Agata Cyryl i Jola Kapłan, miłe skądinąd i dobrze już czytelnikom znane przyjaciółki, przebywają na urlopie. Oddalenie od rodzimej uczelni, z jej mniejszymi lub większymi problemami, tajemnicami i skandalami, a czasem nawet zbrodniami, nie oznacza wcale, że bohaterki będą się nudzić. Wprost przeciwnie, czas odpoczynku jest dla nich okresem wytężonego wysiłku, nie tylko umysłowego, albowiem tropią kolejną aferę, która pojawiła się jak na zawołanie. Akcja przenosi się do miasteczka, w którym ktoś uprawia niecny proceder związany z ogrodowymi krasnalami. Z jednych posesji owe krasnale giną, by pojawić się za jakiś czas w zupełnie innym miejscu.
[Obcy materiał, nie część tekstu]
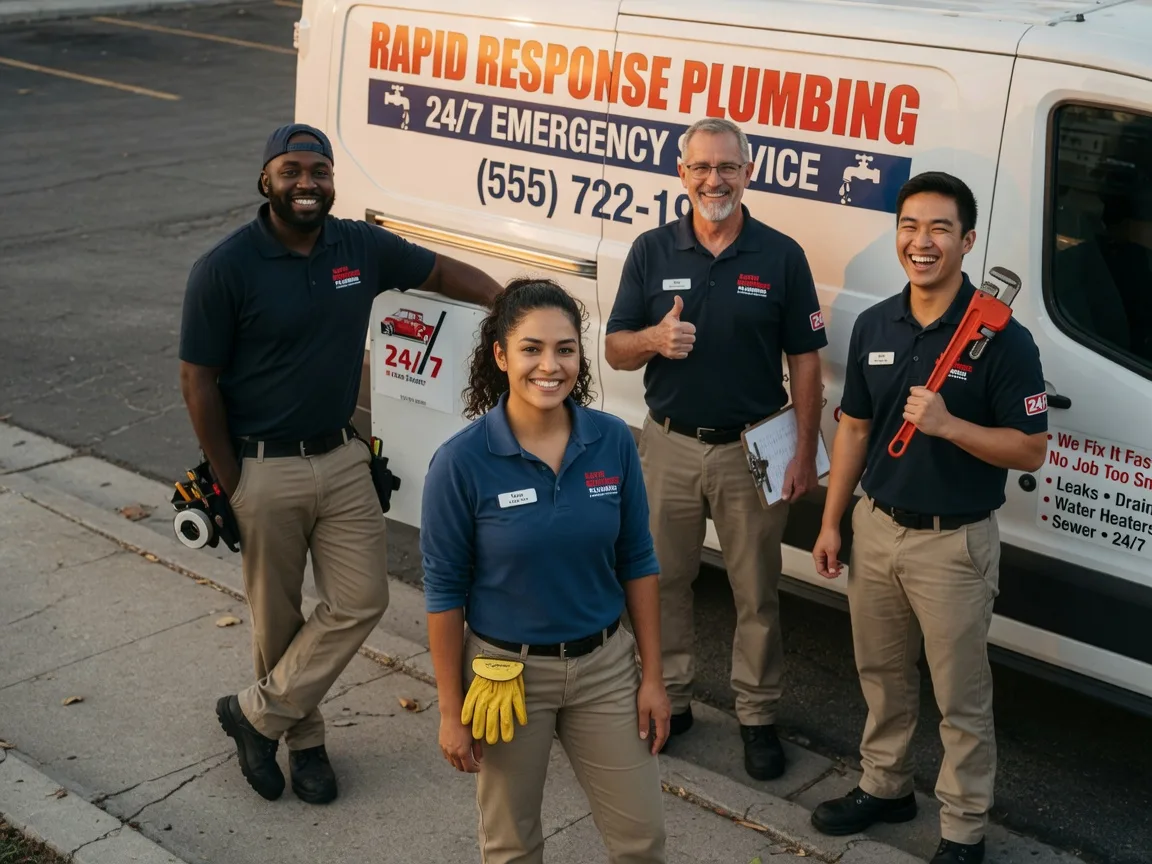 Emergency Plumber company in Sister Bay, WI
Coś, co początkowo wygląda na niewinne żarty z biegiem czasu przeobraża się w prawdziwą aferę. Kryminalną. Akcja płynie wartko, obie kobiety wpadają na coraz bardziej szalone pomysły, świadomie, lecz nie złośliwie psują szyki policji, prowadzącej skrupulatne, acz nieudolne śledztwo i na nic się zdają zabiegi ich mężów, którzy usiłują wybuchowy i przysparzający
kłopotów duet rozdzielić. Panie są jednak, jak się można domyślić, sprytniejsze i nie zamierzają ustać w wysiłkach, dopóki nie rozwikłają krasnalowej zagadki.
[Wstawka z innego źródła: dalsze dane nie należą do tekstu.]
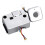 Fingerprint Cabinet Lock Smart Biometric Wardrobe Cupboard 3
Czasem tylko czytelnikowi przechodzi przez myśl pytanie: „Jak to możliwe, że dwie poważne panie, pracujące w branży naukowej, w słusznym wieku, mężate i dzieciate, mogą być tak niepoważne” oraz „Jak to jest możliwe, że jedynymi kłopotami tychże jest ustalenie, co się stało z krasnalami”. Wydaje się, że nie są to postaci prawdopodobne. Ale w końcu literatura rozrywkowa rządzi się swoimi prawami i służy zabawieniu czytelnika. Ładny gips z tego zadania znakomicie się wywiązuje. I to wystarczy.